On m’a fait des prélèvements de peau, des analyses diverses et variées. L’interne me fait quitter mon T-shirt, j’ai une grosse poussée d’urticaire qui me recouvre tout le corps instantanément. Il me dit de ne pas bouger et va chercher le professeur. Lorsqu’il revient, je n’ai presque plus d’urticaire. Je dis au professeur :
-Vous voulez voir comment c’était ?
Je vais au lavabo et m’asperge d’eau, la crise recommence. Les deux médecins trouvent ça intéressant, ils sont après mes éruptions et grattent des morceaux de peau avec des abaisse-langue en bois, j’ai le corps tout griffé. On me donnera pour traitement un comprimé de Zyrtec le matin et un Attarax le soir. J’ai un gel à base de corticoïdes pour traiter le lichen plan et un autre et une pommade pour le cuir chevelu et les lésions importantes sur la peau. Beaucoup de mes troubles, d’après les dermatologues, viennent de l’état de mon foie et sont exacerbés par le traitement. Mais j’ai aussi un anticoagulant circulant qui me produit un syndrome des antiphospholipides et génère une vascularite.

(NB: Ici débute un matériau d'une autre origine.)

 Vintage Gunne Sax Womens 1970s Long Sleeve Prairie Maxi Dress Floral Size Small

J’ai une espèce d’eczéma sur le ventre, des lésions qui ressemblent à un psoriasis sur le visage, les coudes et les jambes, du lichen-plan dans la bouche et des croûtes sur le cuir chevelu mais rien de bien grave selon eux. Moi, ça me fait bien chier de me gratter comme un singe lorsque je me déshabille et après la douche mais puisque c’est normal… N’empêche que, quand tu es comédien et que la maquilleuse ne sait plus ce qu’elle doit te mettre sur la tronche pour que tu aies l’air normal, ça craint un peu. De plus, dans les transports et les lieux publics, le regard de l’autre te fait penser aux pestiférés du moyen-âge. Je hais le prurit!

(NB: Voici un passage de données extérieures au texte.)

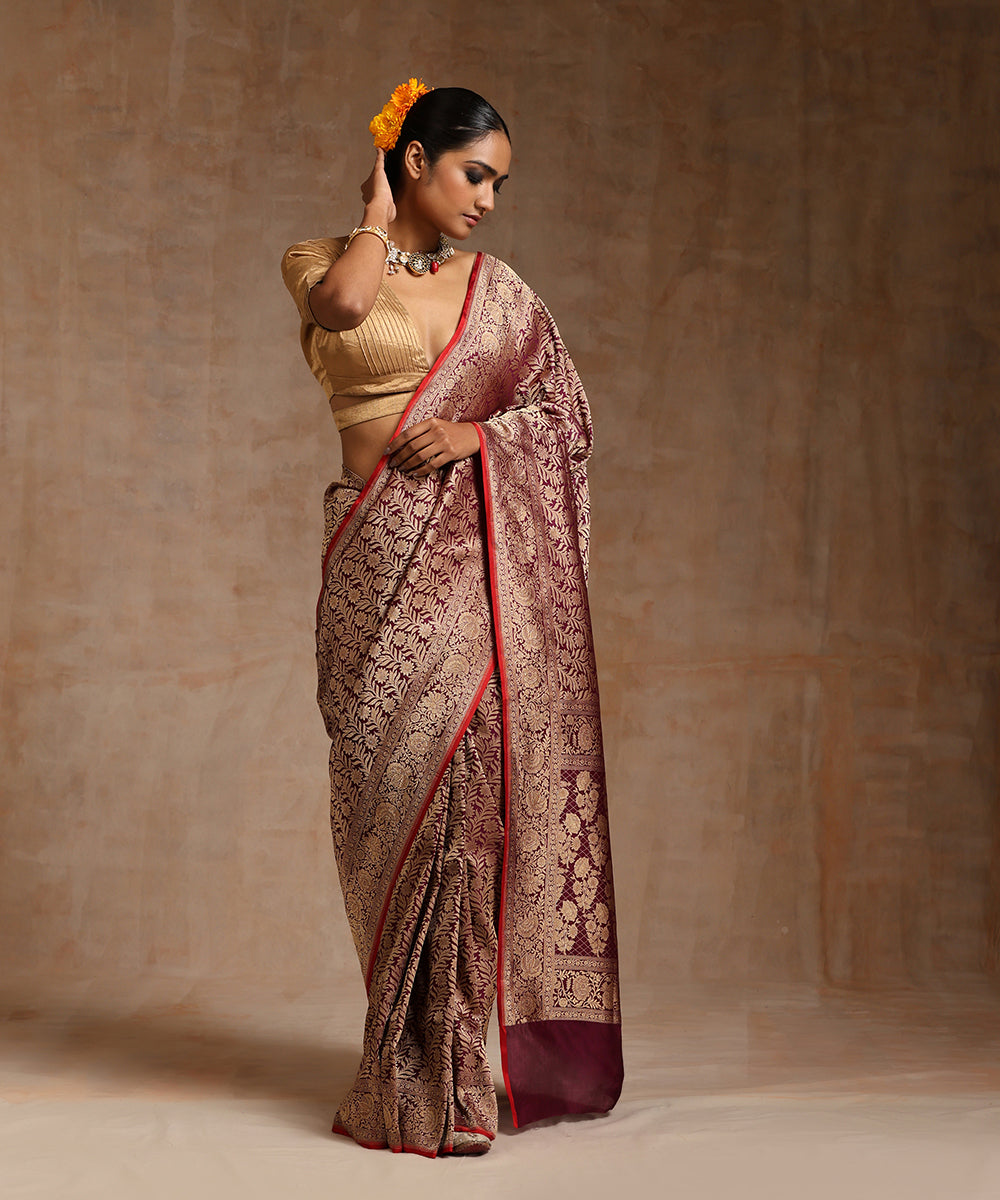 Wine_Handloom_Antique_Zari_Pure_Katan_Silk_Kimkhab_Banarasi_Saree_WeaverStory_02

Le prurit se définit comme une sensation conduisant à une envie irrésistible de se gratter. Il s'agit d'un motif de consultation fréquent qui pose alors un double problème : d'une part, pour le patient en raison du caractère souvent inconfortable du prurit et du retentissement qu'il peut avoir sur la vie sociale et professionnelle, et, d'autre part, pour le soignant car le prurit constitue un véritable signe d'appel pour de nombreuses pathologies de nature et de gravité extrêmement variables. Il appartient ainsi au soignant non seulement de mettre en œuvre un traitement permettant d'apporter un soulagement rapide, mais également de savoir reconnaître la maladie causale parmi la multitude d'affections pouvant être à l'origine d'un prurit.

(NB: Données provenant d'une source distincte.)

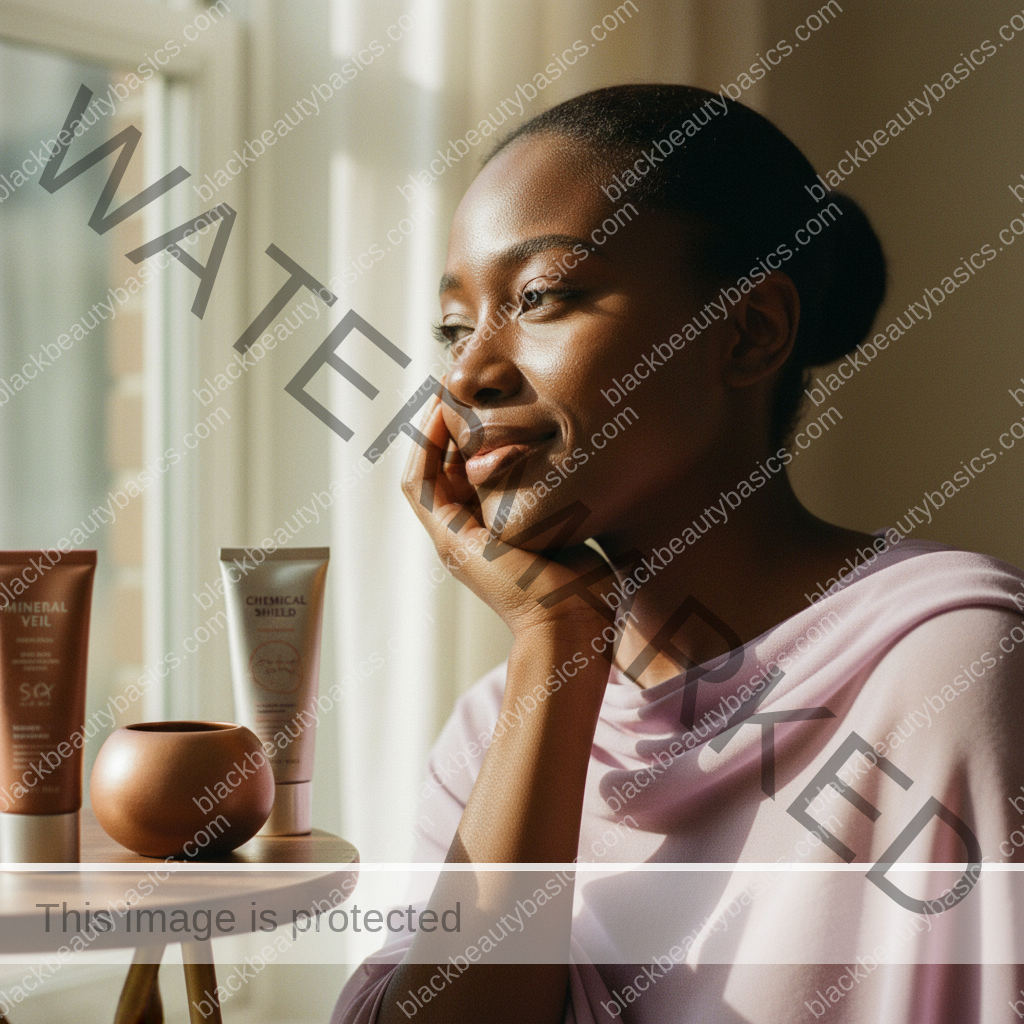 Black woman with richly melanated skin in a calm reflective sunscreen routine moment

Ça c'est ce que disent les spécialistes, nos hépatos eux, ils ont plutôt tendance à te dire que : "Oui, c'est normal, ça arrive, ça vient de l'hépatite, c'est exacerbé par le traitement…" Et je fais quoi moi, mignon? Je continue à me gratter? Je dors avec des gants de boxe, j'essaie de faire baisser mon pouvoir d'achat en demandant la dernière crème à 30 $ minimum le tube à ma pharmacienne préférée qui va bientôt se mettre à vendre des légumes, je change de savon toutes les semaines et je rêve de me "faire une peau de star "parce que je le vaux bien!"